When looking at where Dylan was heading in the 1980s, though, it’s not like he didn’t have a tender side. We got to see a lot more of his back pages than even he bargained for on albums like Blood on the Tracks, but listening back to the songs on his born-again albums like Saved or Slow Train Coming, he did have a softer side that would have lent itself well to children’s songs, especially ‘Man Gave Names to All the Animals’.
After his career renaissance with Time Out of Mind in the late 1990s, though, Dylan had become a much different character. He had been on his Neverending Tour for years at that point, and even though he was still the travelling missionary of rock and roll at that point, he found some time to keep it in the family when ducking into a kindergarten class to serenade a bunch of kids.

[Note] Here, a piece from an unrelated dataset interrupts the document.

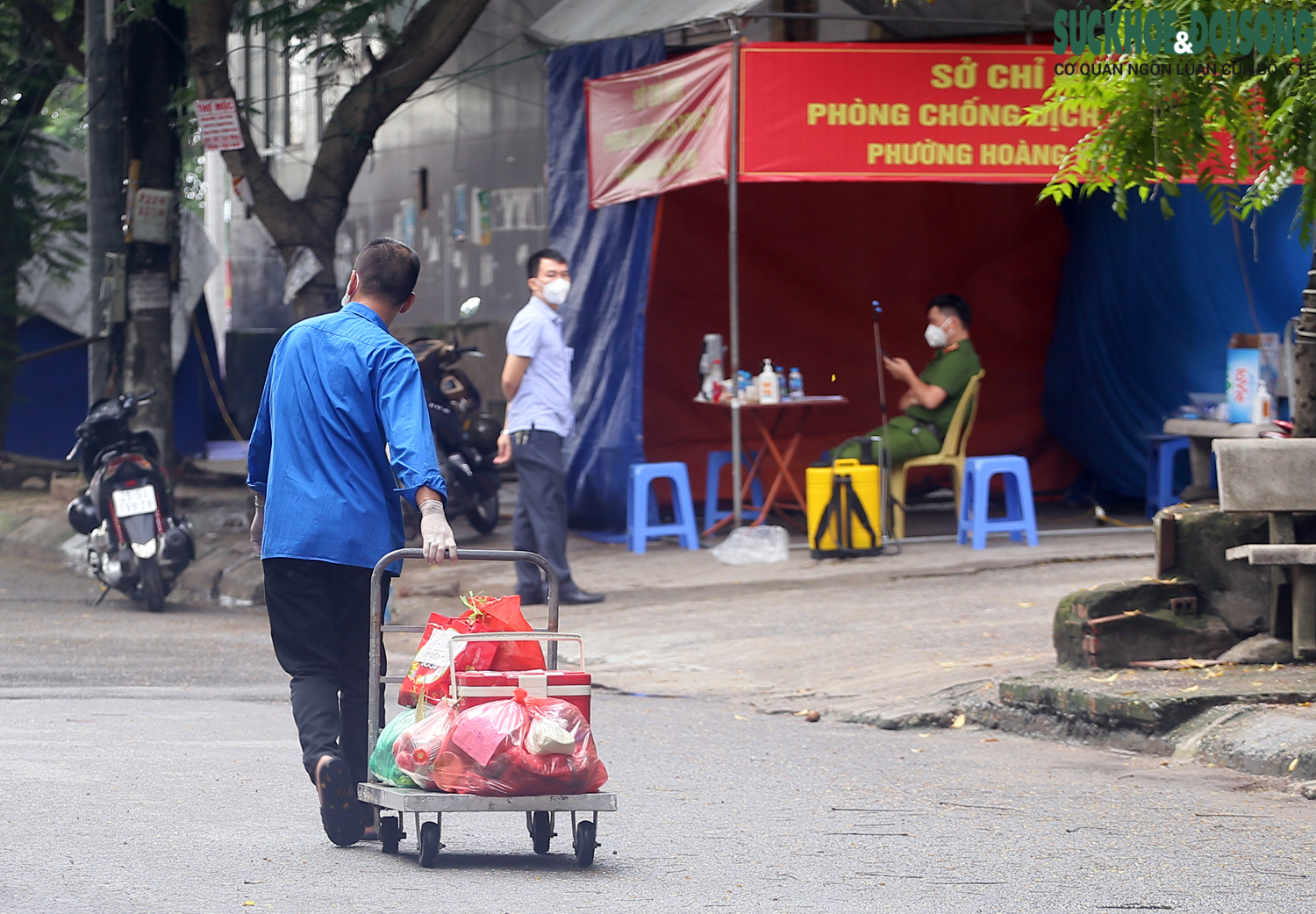 [Ảnh] Bảo vệ nghiêm ngặt điểm dịch Đền Lừ - Hà Nội, nơi xuất hiện 17 ca mắc COVID-19 - Ảnh 11.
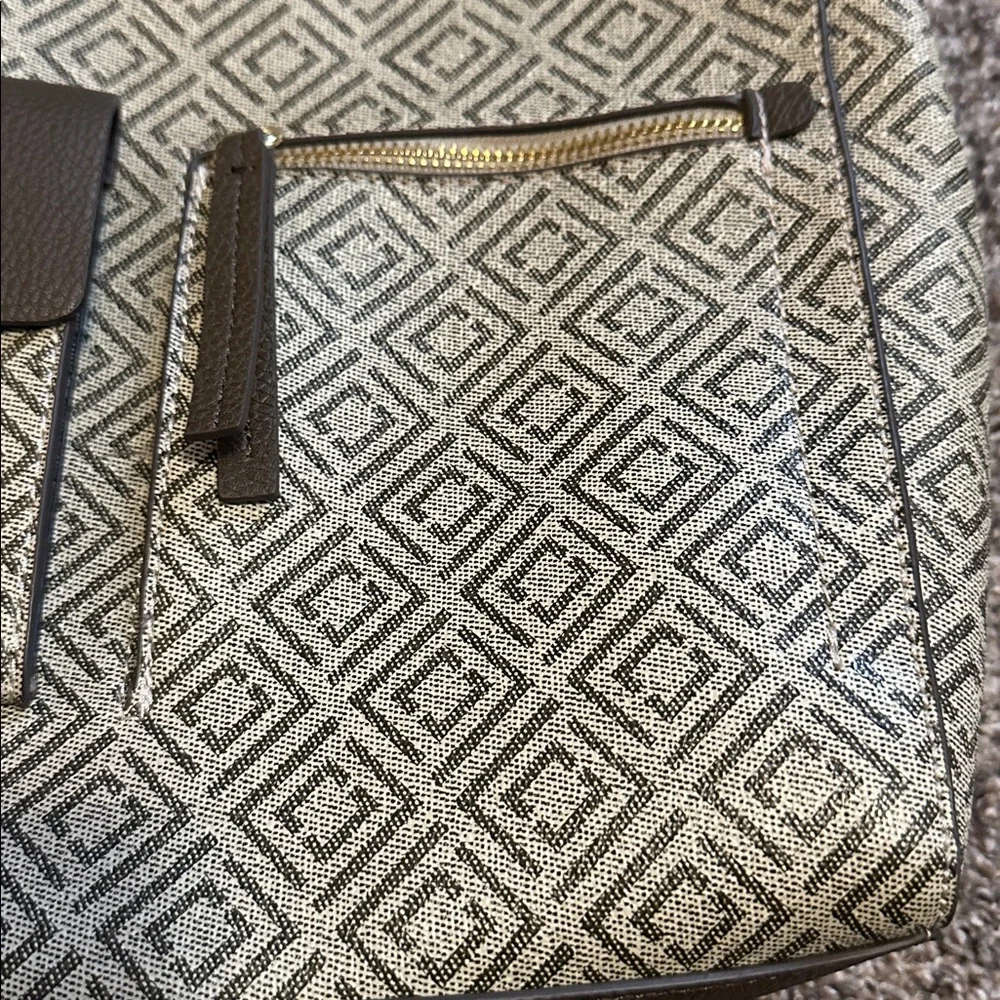 Liz Claiborne Geometric Design Tote/Handbag. Color is olive green/brown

Since Jakob Dylan’s son had begun going to school, Dylan would come off like the adorable granddad who played guitar and taught a bunch of kids about how much fun music could be. Despite being someone who seemed to have a scowl for the last 20 years of his life, that croaky voice was definitely going to be a switch-up for those five-year-olds rather than hearing whatever song happened to be in the latest Disney Channel series.
Suffice it to say, Dylan wasn’t going to be playing ‘Desolation Row’, either. He was still more than happy to play children’s tunes for his grandson, and since he had a habit of being weird during his contributions to Traveling Wilburys albums, it wasn’t out of the question for him to take a few different roads when teaching the kids how to sing.
Because that’s not too far off from how Dylan looked at himself when he first started. The most that anyone needed was a handful of chords to speak volumes when he began woodshedding his craft, and getting those children to sing along with him may have been the beginner’s version of what his heroes like Woody Guthrie were doing years before.
It wasn’t exactly the coolest move for a rock star to make, but Dylan never concerned himself with being cool. He lives by his own musical standards, and since his guitar was still one of the best communal instruments in existence, why not let kids know about the power of rock and roll while they’re still learning to read and write?